━━━ Available data ━━━
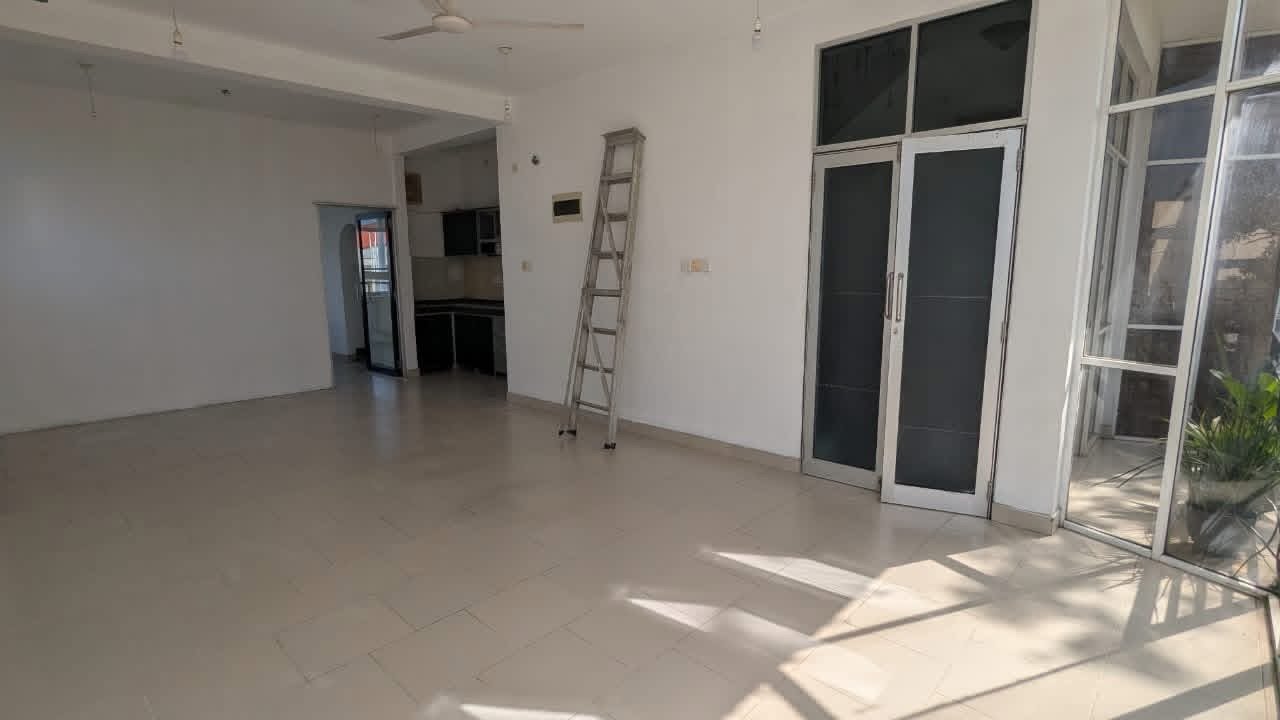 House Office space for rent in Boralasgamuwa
━━━
━━━ Available data ━━━
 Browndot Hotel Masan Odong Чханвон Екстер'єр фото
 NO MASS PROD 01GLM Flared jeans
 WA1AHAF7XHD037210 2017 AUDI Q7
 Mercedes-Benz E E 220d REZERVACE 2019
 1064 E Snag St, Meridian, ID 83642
━━━
* _About this exercise_
Lines wanted from the listing above: the line with "Mercedes-Benz E E 220d REZERVACE 2019" up to and including the line with "1064 E Snag St, Meridian, ID 83642". Please write them out exactly, adding nothing else.

* _Solution for this problem_
 Mercedes-Benz E E 220d REZERVACE 2019
 1064 E Snag St, Meridian, ID 83642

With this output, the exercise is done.